I had locked myself into my room and shoved several towels under my door before the fire had even been lit. In addition, I had thrown open the one window in my room that still opens (who knows why the other one doesn't anymore). So my room was freezing cold, but smoke free.

I commenced watching every episode of The Gilmore Girls: Season Six. Rory is a poor little rich girl, and I'm not a fan anymore.

But eventually, all good things come to an end. For me, this moment arrived when I became thirsty. Also, I was hungry. And I kind of had to go to the bathroom. Because 1. there is no Pepsi in my room, 2. there is no food in my room, and 3. there is no toilet in my room, I was out of luck.

So I saturated the facecloth I had in my room with the remainder of some water I had taken to bed with me the night before. I placed the towel over my mouth and nose, fire-safety-style. Then, I ran out of my room and closed the door behind me, took care of the various things on my list, and darted back into my room.

It worked like a charm.

Then, shockingly, something else happened: I had to get ready for bed.
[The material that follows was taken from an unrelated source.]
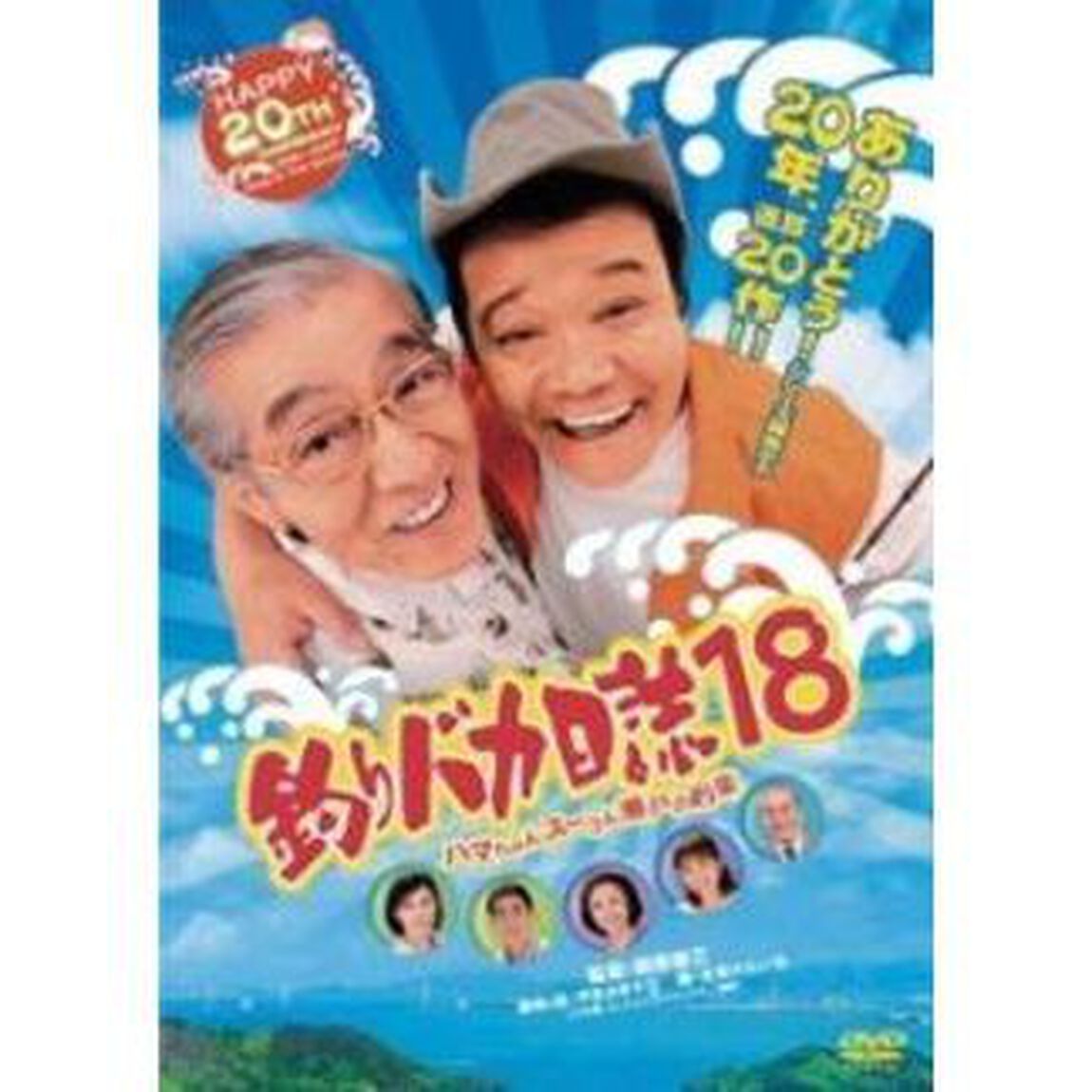 釣りバカ日誌　18　ハマちゃんスーさん瀬戸の約束（ＤＶＤ）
This involved my brushing my teeth, washing my face (cold water), and rubbing various chemicals on my face to purge the horrible bacteria from my pores. To do this, I had to put the rag down...
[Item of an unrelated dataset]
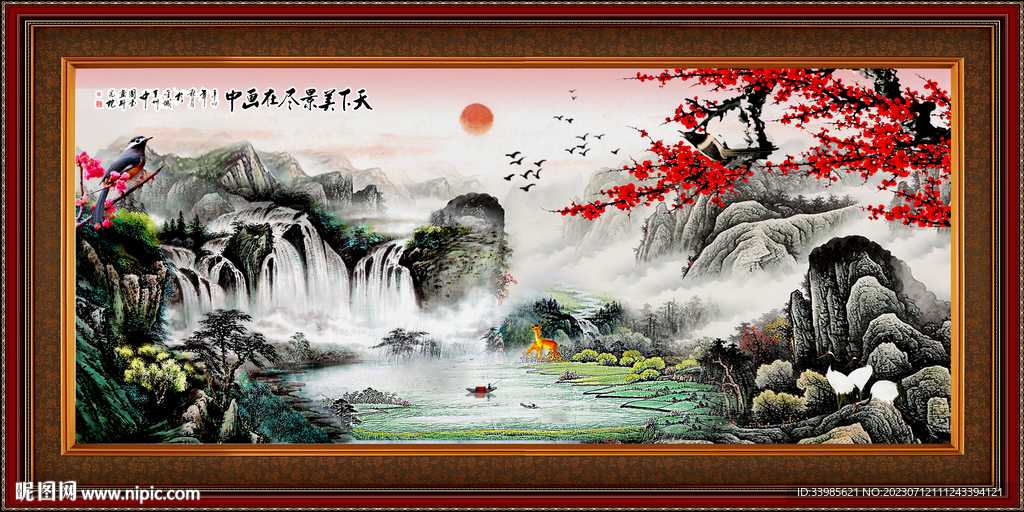 山水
What followed was the worse asthma attack of my life. It was so bad, I wanted to call an ambulance, but my phone isn't working because something freaky happened that I don't understand.

Also, I no longer could breathe, so I couldn't call my family for help. No, I was trapped, gasping like a fish out of water (pardon the cliche), helpless. What few mouthfuls of air I got into my lungs were expelled an instant later as I hacked and coughed in my misery. Luckily, I managed to get down two puffs from my emergency inhaler, because no one came to see if I was okay, even when I passed out.

That's how much my family loves me.

The next morning, I found a note shoved under my hand when I woke up. Someone had snuck into my room while I was sleeping to leave a note for me, placing it in my hand so they could be sure I would find it.

This is what the note said:

Laura,

I'm sorry the fire made you cough so bad.